Spectral Analysis for Univariate Time Series

Spectral Analysis for Univariate Time Series PDF

Author: Donald B. Percival

Publisher: Cambridge University Press

Published: 2020-03-19

Total Pages: 718

ISBN-13: 1108776175

DOWNLOAD EBOOK →

Spectral analysis is widely used to interpret time series collected in diverse areas. This book covers the statistical theory behind spectral analysis and provides data analysts with the tools needed to transition theory into practice. Actual time series from oceanography, metrology, atmospheric science and other areas are used in running examples throughout, to allow clear comparison of how the various methods address questions of interest. All major nonparametric and parametric spectral analysis techniques are discussed, with emphasis on the multitaper method, both in its original formulation involving Slepian tapers and in a popular alternative using sinusoidal tapers. The authors take a unified approach to quantifying the bandwidth of different nonparametric spectral estimates. An extensive set of exercises allows readers to test their understanding of theory and practical analysis. The time series used as examples and R language code for recreating the analyses of the series are available from the book's website.
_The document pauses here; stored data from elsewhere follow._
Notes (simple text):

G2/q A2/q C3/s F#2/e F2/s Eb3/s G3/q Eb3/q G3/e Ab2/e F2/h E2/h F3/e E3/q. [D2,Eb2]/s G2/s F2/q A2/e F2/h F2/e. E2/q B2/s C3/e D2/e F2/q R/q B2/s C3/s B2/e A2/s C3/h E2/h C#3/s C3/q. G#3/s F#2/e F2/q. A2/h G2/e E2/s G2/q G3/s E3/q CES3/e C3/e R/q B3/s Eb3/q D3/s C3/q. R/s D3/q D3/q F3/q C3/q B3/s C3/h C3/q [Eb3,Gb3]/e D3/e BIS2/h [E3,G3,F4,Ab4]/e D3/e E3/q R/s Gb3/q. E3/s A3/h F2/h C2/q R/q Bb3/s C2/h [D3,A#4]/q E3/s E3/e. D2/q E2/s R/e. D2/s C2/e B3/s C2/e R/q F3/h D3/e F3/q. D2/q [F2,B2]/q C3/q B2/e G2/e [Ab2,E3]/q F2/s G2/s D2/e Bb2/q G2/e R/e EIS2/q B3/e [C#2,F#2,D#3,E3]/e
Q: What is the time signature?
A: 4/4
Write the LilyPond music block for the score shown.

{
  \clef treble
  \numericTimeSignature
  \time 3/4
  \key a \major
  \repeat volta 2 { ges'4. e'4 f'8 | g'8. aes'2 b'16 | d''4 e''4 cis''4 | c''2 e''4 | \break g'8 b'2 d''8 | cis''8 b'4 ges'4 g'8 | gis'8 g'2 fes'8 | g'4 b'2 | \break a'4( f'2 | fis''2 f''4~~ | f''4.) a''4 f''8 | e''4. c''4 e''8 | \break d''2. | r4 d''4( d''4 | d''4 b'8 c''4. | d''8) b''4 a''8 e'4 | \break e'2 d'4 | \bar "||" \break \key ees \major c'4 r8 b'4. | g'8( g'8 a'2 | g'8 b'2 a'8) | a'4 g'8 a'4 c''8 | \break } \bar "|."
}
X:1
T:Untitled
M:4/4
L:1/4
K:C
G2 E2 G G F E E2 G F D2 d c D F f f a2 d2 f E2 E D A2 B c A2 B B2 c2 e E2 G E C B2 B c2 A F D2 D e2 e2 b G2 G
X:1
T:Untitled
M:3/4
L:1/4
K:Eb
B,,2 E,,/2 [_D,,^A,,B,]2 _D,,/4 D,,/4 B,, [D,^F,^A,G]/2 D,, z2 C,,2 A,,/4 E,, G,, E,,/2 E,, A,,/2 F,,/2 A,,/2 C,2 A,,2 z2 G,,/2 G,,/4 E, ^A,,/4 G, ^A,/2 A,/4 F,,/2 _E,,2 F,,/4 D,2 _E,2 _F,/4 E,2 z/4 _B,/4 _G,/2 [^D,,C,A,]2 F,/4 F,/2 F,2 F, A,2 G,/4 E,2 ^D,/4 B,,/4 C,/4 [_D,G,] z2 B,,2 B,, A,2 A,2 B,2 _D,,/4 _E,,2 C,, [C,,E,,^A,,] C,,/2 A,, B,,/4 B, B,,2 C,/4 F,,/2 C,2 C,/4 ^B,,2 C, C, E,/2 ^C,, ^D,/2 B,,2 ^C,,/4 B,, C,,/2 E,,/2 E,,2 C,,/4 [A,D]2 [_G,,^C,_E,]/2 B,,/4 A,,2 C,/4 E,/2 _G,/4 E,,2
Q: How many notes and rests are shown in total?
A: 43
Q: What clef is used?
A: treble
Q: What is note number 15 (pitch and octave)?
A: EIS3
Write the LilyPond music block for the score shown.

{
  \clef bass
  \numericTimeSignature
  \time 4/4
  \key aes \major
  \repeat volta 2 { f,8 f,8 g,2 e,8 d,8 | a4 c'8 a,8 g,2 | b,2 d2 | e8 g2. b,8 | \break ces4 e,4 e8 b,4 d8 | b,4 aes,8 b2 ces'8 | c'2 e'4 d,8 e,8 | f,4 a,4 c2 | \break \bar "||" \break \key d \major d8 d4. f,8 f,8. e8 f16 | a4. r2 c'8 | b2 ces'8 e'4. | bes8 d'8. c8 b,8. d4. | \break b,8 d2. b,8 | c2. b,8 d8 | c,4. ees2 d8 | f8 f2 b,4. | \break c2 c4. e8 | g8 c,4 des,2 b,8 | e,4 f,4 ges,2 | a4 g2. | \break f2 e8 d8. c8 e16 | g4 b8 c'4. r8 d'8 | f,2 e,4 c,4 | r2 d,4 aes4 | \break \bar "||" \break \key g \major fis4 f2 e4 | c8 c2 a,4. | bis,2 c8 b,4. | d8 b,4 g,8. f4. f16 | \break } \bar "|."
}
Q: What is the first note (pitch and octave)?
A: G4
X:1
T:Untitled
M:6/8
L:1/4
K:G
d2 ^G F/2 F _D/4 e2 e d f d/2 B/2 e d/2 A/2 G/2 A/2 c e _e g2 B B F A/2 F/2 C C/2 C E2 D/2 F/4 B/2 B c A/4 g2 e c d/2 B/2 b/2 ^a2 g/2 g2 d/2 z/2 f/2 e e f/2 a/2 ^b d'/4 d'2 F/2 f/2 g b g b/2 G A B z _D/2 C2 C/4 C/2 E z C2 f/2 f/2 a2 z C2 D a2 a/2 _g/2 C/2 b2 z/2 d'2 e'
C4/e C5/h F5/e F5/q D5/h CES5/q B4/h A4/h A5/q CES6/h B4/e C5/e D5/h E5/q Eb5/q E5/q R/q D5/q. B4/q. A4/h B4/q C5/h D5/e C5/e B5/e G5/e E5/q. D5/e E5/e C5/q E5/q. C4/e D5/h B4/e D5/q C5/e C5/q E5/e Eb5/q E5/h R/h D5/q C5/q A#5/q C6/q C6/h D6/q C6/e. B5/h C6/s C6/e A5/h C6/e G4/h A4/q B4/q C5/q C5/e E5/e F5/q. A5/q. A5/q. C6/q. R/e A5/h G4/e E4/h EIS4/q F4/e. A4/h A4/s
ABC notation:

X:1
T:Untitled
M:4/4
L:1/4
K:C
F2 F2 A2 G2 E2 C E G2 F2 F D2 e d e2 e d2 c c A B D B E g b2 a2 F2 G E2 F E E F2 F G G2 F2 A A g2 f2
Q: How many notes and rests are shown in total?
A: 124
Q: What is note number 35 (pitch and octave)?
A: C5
Fundamentals of Nonparametric Bayesian Inference

Fundamentals of Nonparametric Bayesian Inference PDF

Author: Subhashis Ghosal

Publisher: Cambridge University Press

Published: 2017-06-26

Total Pages: 671

ISBN-13: 1108210120

DOWNLOAD EBOOK →

Explosive growth in computing power has made Bayesian methods for infinite-dimensional models - Bayesian nonparametrics - a nearly universal framework for inference, finding practical use in numerous subject areas. Written by leading researchers, this authoritative text draws on theoretical advances of the past twenty years to synthesize all aspects of Bayesian nonparametrics, from prior construction to computation and large sample behavior of posteriors. Because understanding the behavior of posteriors is critical to selecting priors that work, the large sample theory is developed systematically, illustrated by various examples of model and prior combinations. Precise sufficient conditions are given, with complete proofs, that ensure desirable posterior properties and behavior. Each chapter ends with historical notes and numerous exercises to deepen and consolidate the reader's understanding, making the book valuable for both graduate students and researchers in statistics and machine learning, as well as in application areas such as econometrics and biostatistics.

Information Geometry

Information Geometry PDF

Author: Nihat Ay

Publisher: Springer

Published: 2017-08-25

Total Pages: 407

ISBN-13: 3319564781

DOWNLOAD EBOOK →

The book provides a comprehensive introduction and a novel mathematical foundation of the field of information geometry with complete proofs and detailed background material on measure theory, Riemannian geometry and Banach space theory. Parametrised measure models are defined as fundamental geometric objects, which can be both finite or infinite dimensional. Based on these models, canonical tensor fields are introduced and further studied, including the Fisher metric and the Amari-Chentsov tensor, and embeddings of statistical manifolds are investigated. This novel foundation then leads to application highlights, such as generalizations and extensions of the classical uniqueness result of Chentsov or the Cramér-Rao inequality. Additionally, several new application fields of information geometry are highlighted, for instance hierarchical and graphical models, complexity theory, population genetics, or Markov Chain Monte Carlo. The book will be of interest to mathematicians who are interested in geometry, information theory, or the foundations of statistics, to statisticians as well as to scientists interested in the mathematical foundations of complex systems.